Magiet was a stalwart of the City and Suburban Rugby Football Union (Cities) and Primrose Rugby Club.

“As a rugby player, he led through his actions, with his play, his vision. His foresight and his body,” Solomons told IOL Sport.

“He was outstanding as a tackler and ball-carrier. I mean, they talk about skills and flair – there was a No 8 who could play centre or in the backline.

“He was very skilful. Obviously he couldn’t kick the ball, but he had foresight. I played rugby with him in 1981 when we won the Top 8 competition – I played for Primrose that one season.

“But what an outstanding player. Against Western Province (Green Point), when he played for Cities, he stood alone!

“You know the hiding we used to give them, but he never stood back. He came to you, and was outstanding in all aspects as a player. He was one of a kind in a millennium.”

One of the mysteries of the non-racial rugby world during apartheid was the fact that Magiet was not awarded a Saru cap.

Solomons explains: “Where Saait is concerned, Saait has been the top cricket and rugby player in my era. He was the most unfortunate guy not to be awarded Saru colours.

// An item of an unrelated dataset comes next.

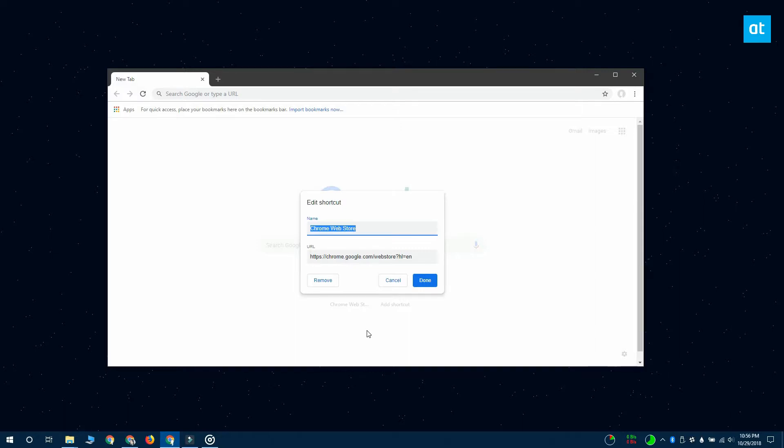If you want, you can also remove this website from this particular speed dial and add a different one. Once you're done, just click the done button and it's going to be saved.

“I’m honest with you now: during the early 80s, Saru was very religiously separated. In other words, in that era, for those five years, WP Green Point was not (favourably looked upon).

“In the early 70s, when Salie Fredericks and them played, it was (all about) Western Province. It shifted from there when Tygerberg entered, from 1972 – when they came over (after splitting from the Northerns Rugby Federation).

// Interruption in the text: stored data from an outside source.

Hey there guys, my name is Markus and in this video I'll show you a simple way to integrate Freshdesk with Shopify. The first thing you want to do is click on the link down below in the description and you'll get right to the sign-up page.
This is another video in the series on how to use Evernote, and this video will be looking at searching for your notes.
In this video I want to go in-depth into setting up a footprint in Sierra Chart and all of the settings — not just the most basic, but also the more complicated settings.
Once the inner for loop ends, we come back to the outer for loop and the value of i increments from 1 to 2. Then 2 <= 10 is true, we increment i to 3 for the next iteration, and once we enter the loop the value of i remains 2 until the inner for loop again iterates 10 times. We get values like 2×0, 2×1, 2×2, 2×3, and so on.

“Obviously they wanted to honour Piet Jooste and them also. So, that was the kind of environment we had to deal with.”

Solomons also waxed lyrical about Magiet’s ability with bat and ball. While fondly remembered as an opening bowler who could swing the ball and hard-hitting batsman, Magiet was quite adept as a close-in fielder too.

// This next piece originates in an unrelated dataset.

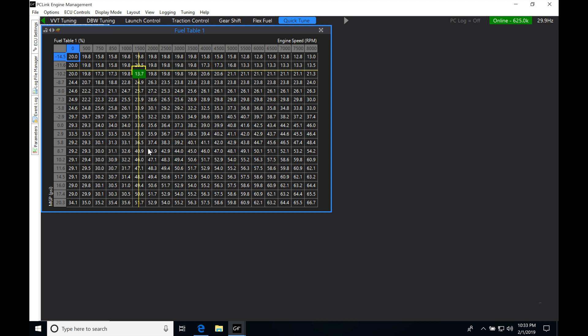We're going to find that short term correction trim where it compares the target versus the actual and then it makes its own adjustments and it constantly as you drive around, it's going to be trimming the mixture. We need to turn that off. This needs to have no closure.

“If we as Western Province fell down for three or four wickets for little runs, then he could come in and hit the guys from ball one. He batted at number five and number six, and he could destroy any bowling attack on his own,” Solomons said.

The victorious non-racial Western Province team that won the Howa Bowl in 1979/80, with Saait Magiet second from left in the front row. Photo: Angelo Arendse via Facebook

“And as a fielder close to the wicket, gully or short leg – I was short leg and he was also a short leg – I mean, unbelievable. No ball would go past him. So, he had those reflexes as a close-in fielder.

“Saait was one of those swing bowlers and he had speed. It wasn’t like in the middle of the pitch – he could nip the ball from here in front of you right up to your face… Bounce and swing.

“Seriously, he was one of those who would’ve just walked into any South African team as a batsman, bowler and fielder. Fabulous all-rounder.

“I was very fortunate to play alongside him from 1978, and we won all the trophies as the Western Province senior team. I quit in 1985, and Faiek Davids actually came into my spot when I opened my sports shop.

“Saait was just outstanding on the cricket field, and you can think from 1978 to 1985 – he was top-class.”